● GOAL OF THE EXERCISE: Nothing but an exact repeat of the data, with pictures removed, belongs in the answer.

******

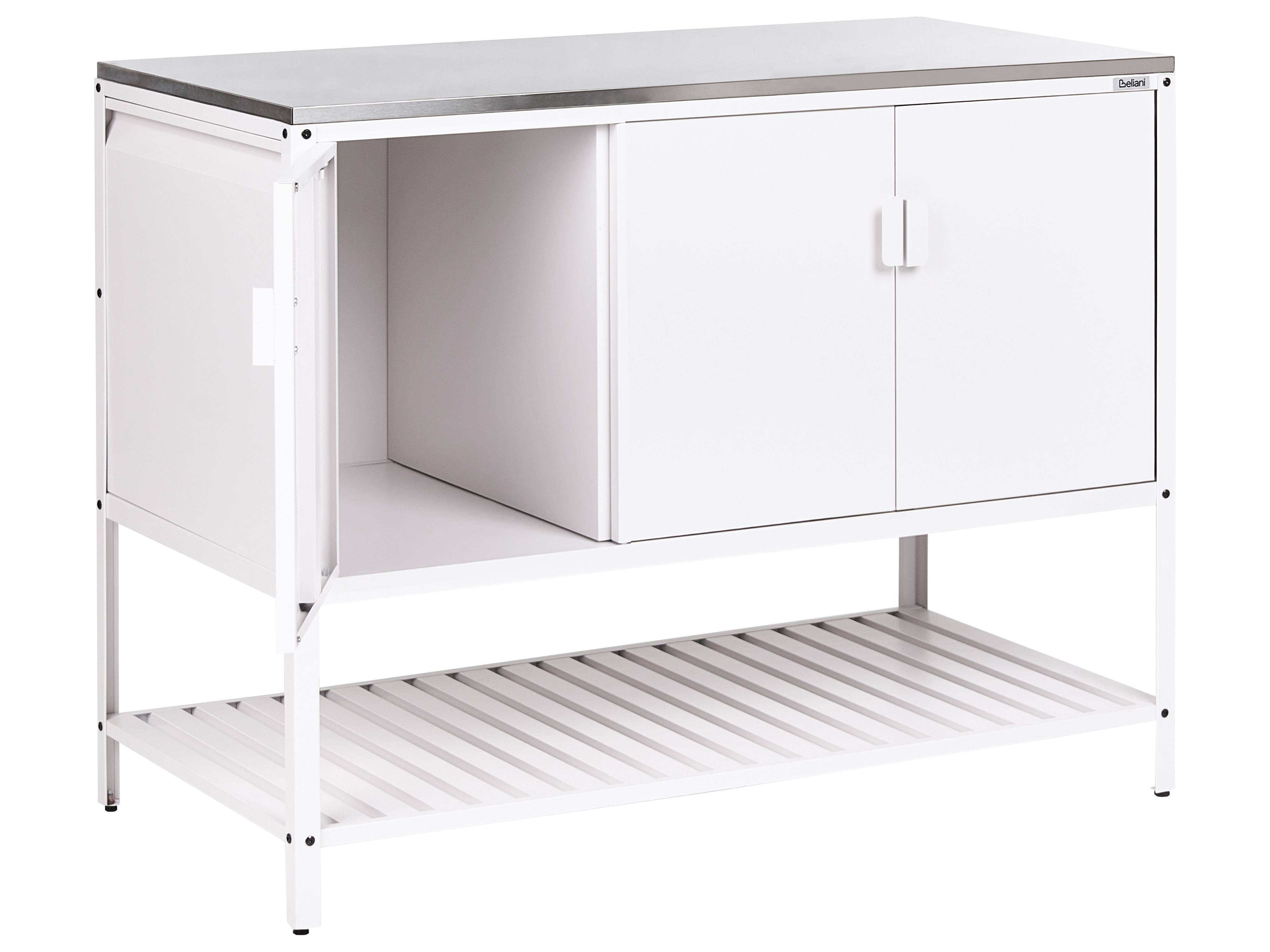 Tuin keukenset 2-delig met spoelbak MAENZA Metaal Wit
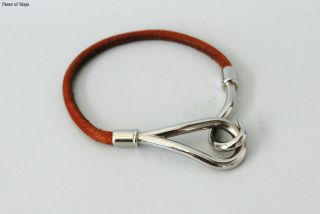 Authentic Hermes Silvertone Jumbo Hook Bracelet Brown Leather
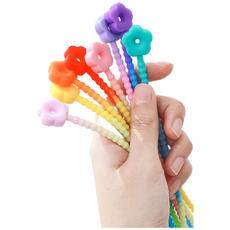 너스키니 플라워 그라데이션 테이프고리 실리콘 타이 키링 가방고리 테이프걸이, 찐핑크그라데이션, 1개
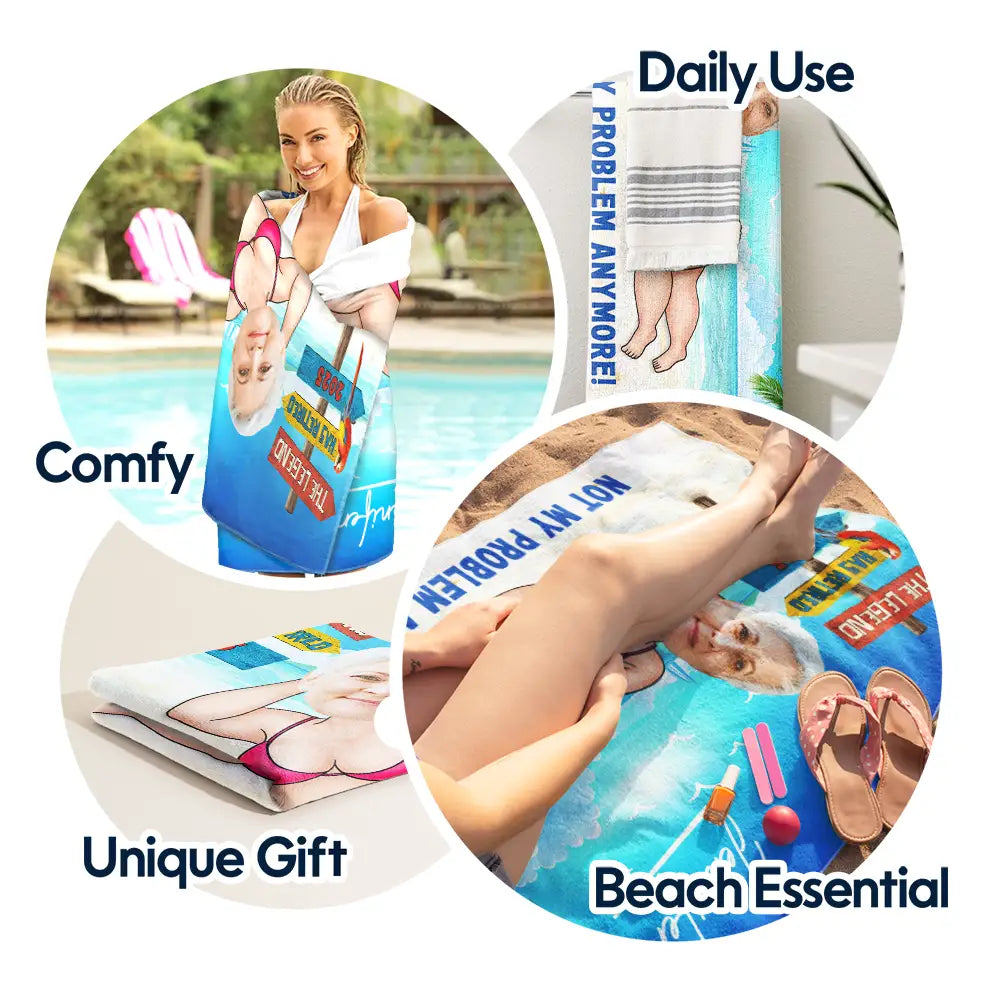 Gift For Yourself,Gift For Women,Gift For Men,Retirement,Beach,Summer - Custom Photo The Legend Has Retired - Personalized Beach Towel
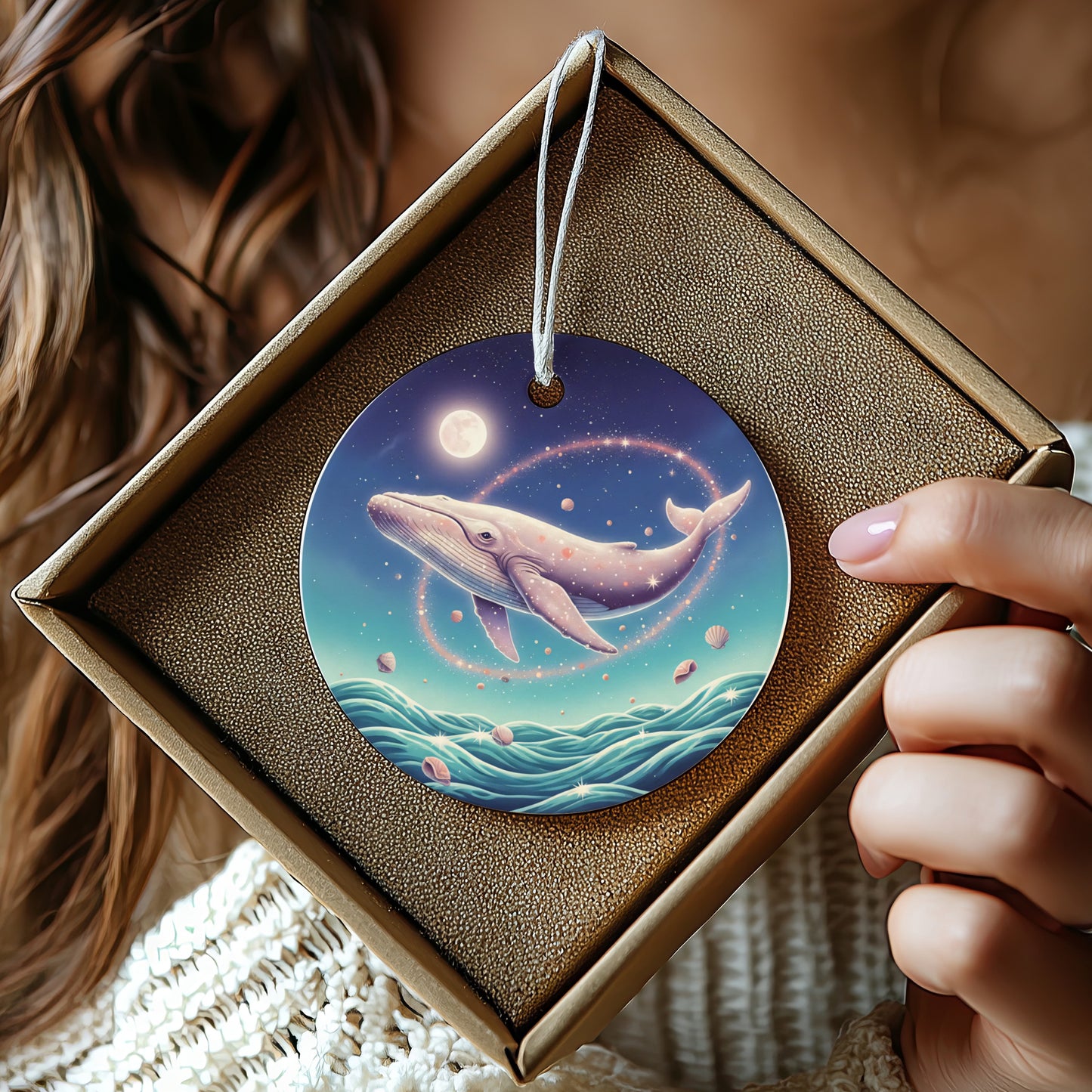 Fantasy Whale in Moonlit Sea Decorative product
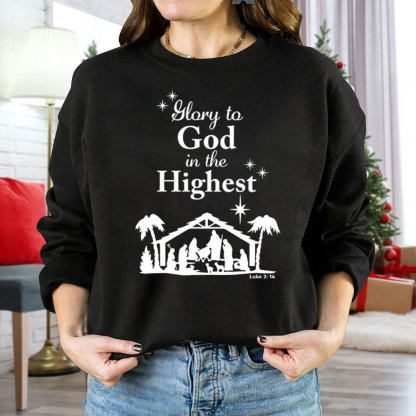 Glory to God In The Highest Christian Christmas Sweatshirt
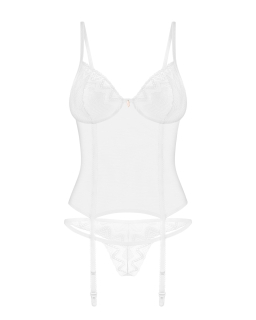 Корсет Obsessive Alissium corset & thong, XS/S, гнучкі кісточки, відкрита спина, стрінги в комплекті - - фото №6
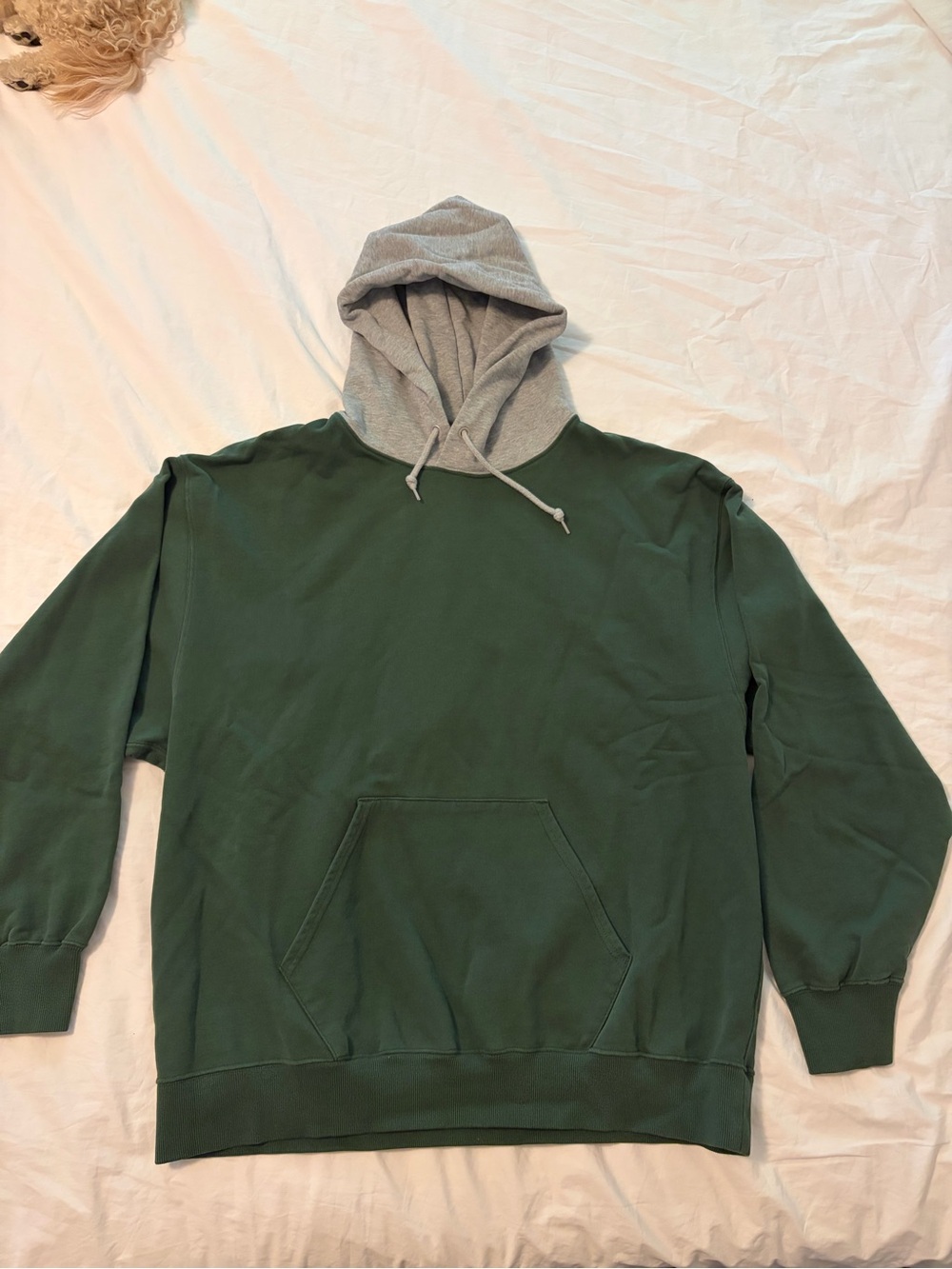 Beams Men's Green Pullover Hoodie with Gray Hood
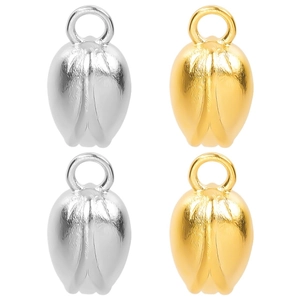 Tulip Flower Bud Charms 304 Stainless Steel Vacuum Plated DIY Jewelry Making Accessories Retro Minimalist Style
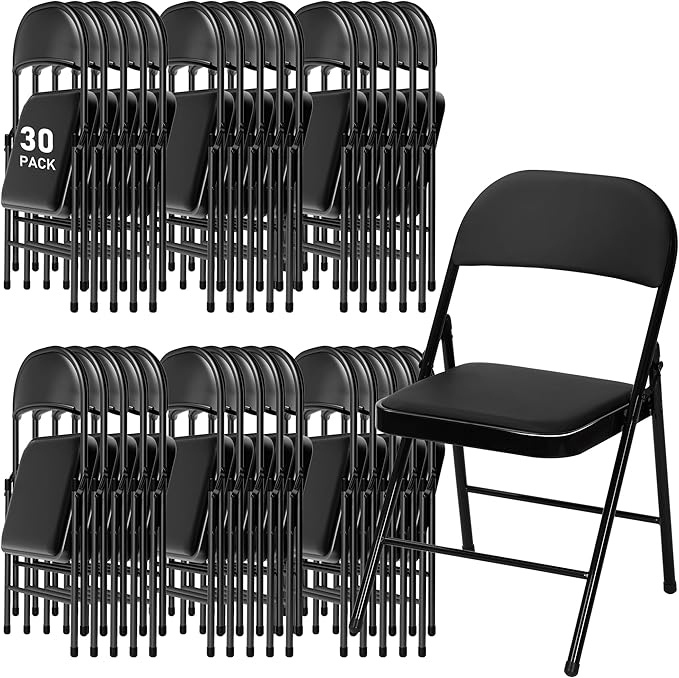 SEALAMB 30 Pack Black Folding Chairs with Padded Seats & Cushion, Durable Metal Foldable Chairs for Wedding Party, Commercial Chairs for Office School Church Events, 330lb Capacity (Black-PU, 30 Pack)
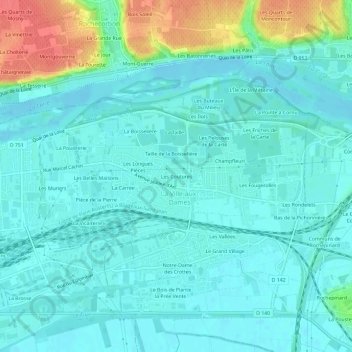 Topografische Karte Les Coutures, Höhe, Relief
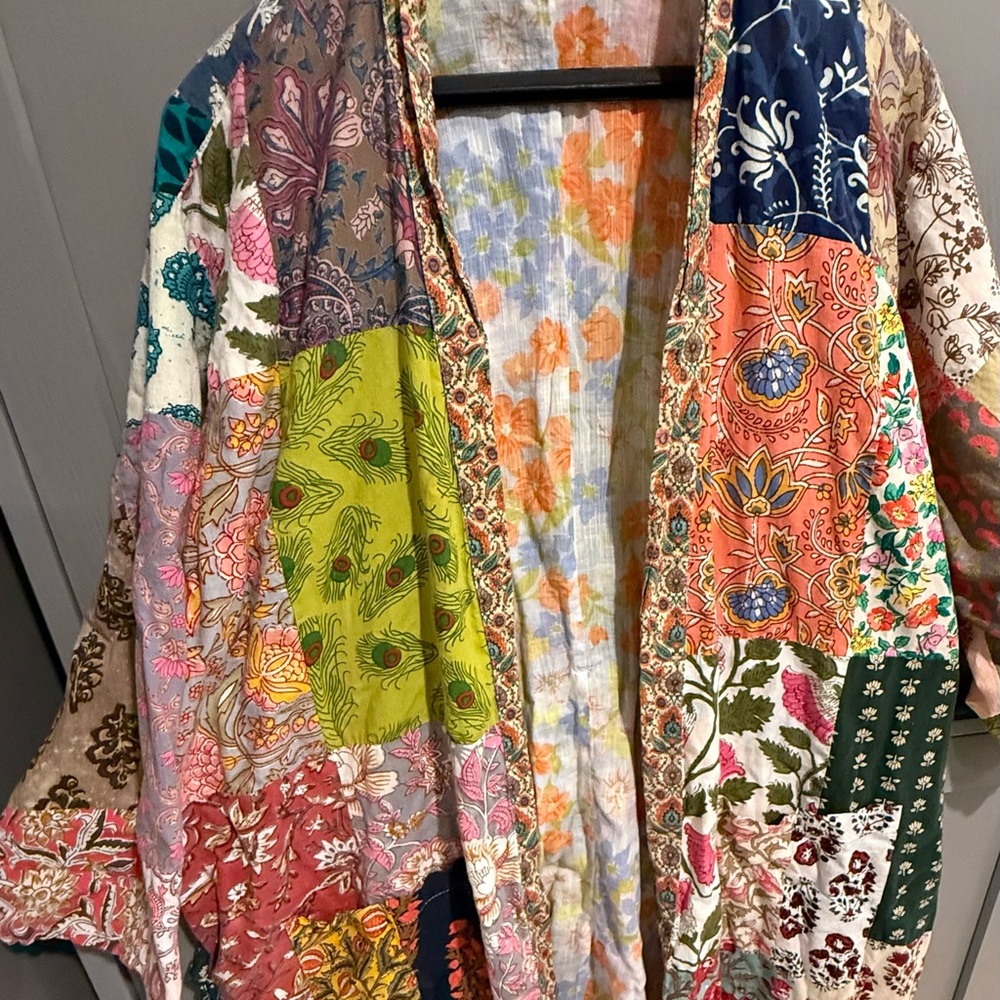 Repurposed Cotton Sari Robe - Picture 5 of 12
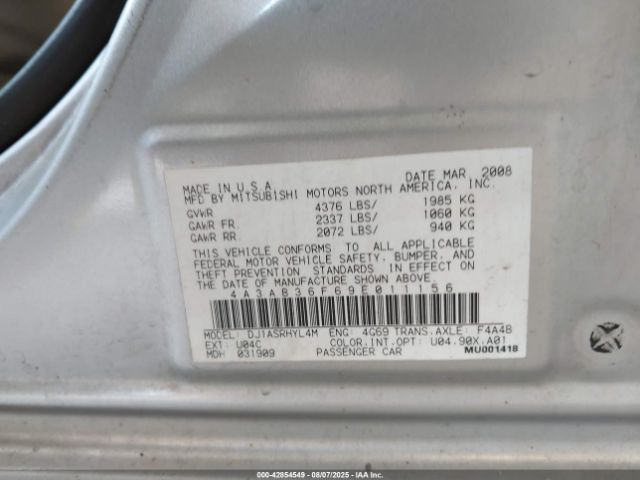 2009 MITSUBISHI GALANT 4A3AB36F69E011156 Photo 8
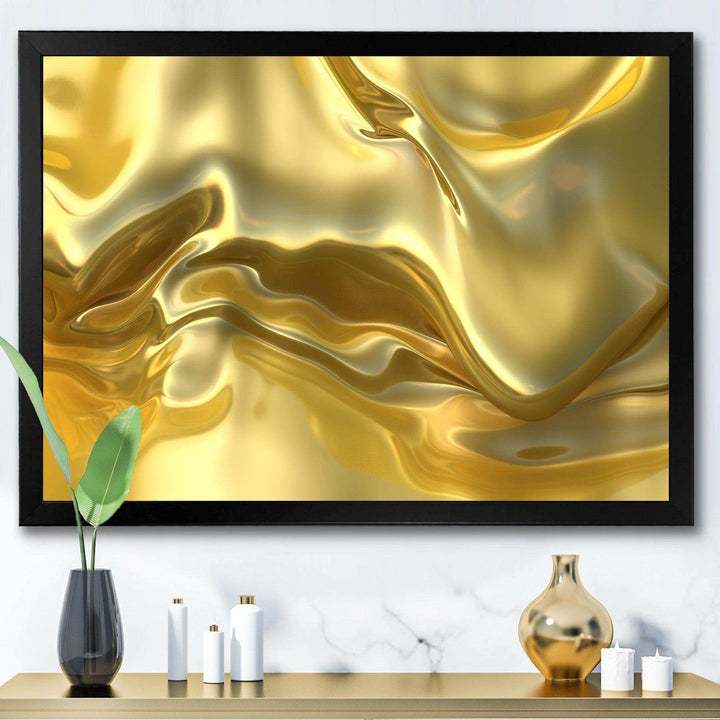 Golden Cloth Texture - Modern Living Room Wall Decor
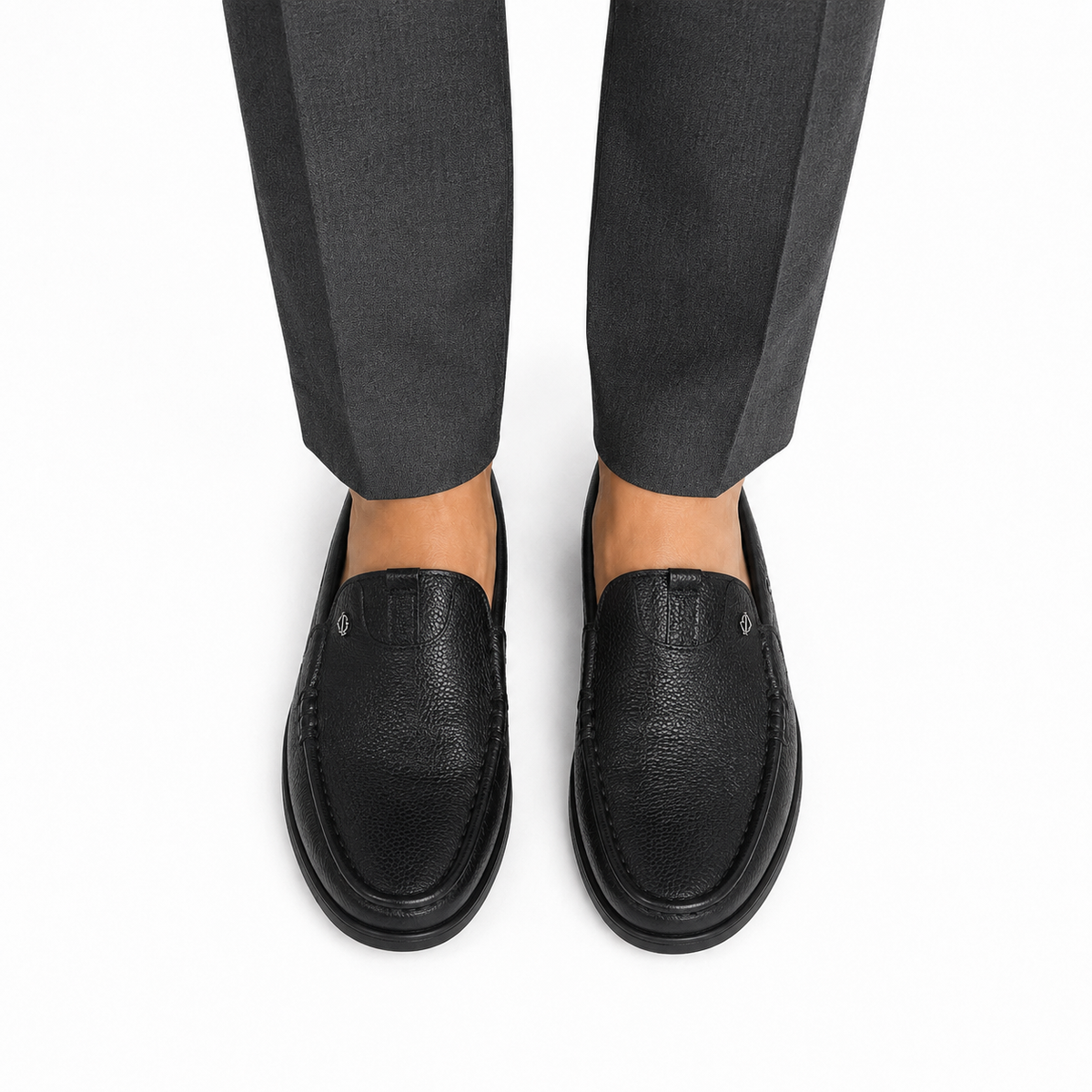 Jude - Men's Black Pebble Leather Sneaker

******

● EXERCISE RESULT:
 Tuin keukenset 2-delig met spoelbak MAENZA Metaal Wit
 Authentic Hermes Silvertone Jumbo Hook Bracelet Brown Leather
 너스키니 플라워 그라데이션 테이프고리 실리콘 타이 키링 가방고리 테이프걸이, 찐핑크그라데이션, 1개
 Gift For Yourself,Gift For Women,Gift For Men,Retirement,Beach,Summer - Custom Photo The Legend Has Retired - Personalized Beach Towel
 Fantasy Whale in Moonlit Sea Decorative product
 Glory to God In The Highest Christian Christmas Sweatshirt
 Корсет Obsessive Alissium corset & thong, XS/S, гнучкі кісточки, відкрита спина, стрінги в комплекті - - фото №6
 Beams Men's Green Pullover Hoodie with Gray Hood
 Tulip Flower Bud Charms 304 Stainless Steel Vacuum Plated DIY Jewelry Making Accessories Retro Minimalist Style
 SEALAMB 30 Pack Black Folding Chairs with Padded Seats & Cushion, Durable Metal Foldable Chairs for Wedding Party, Commercial Chairs for Office School Church Events, 330lb Capacity (Black-PU, 30 Pack)
 Topografische Karte Les Coutures, Höhe, Relief
 Repurposed Cotton Sari Robe - Picture 5 of 12
 2009 MITSUBISHI GALANT 4A3AB36F69E011156 Photo 8
 Golden Cloth Texture - Modern Living Room Wall Decor
 Jude - Men's Black Pebble Leather Sneaker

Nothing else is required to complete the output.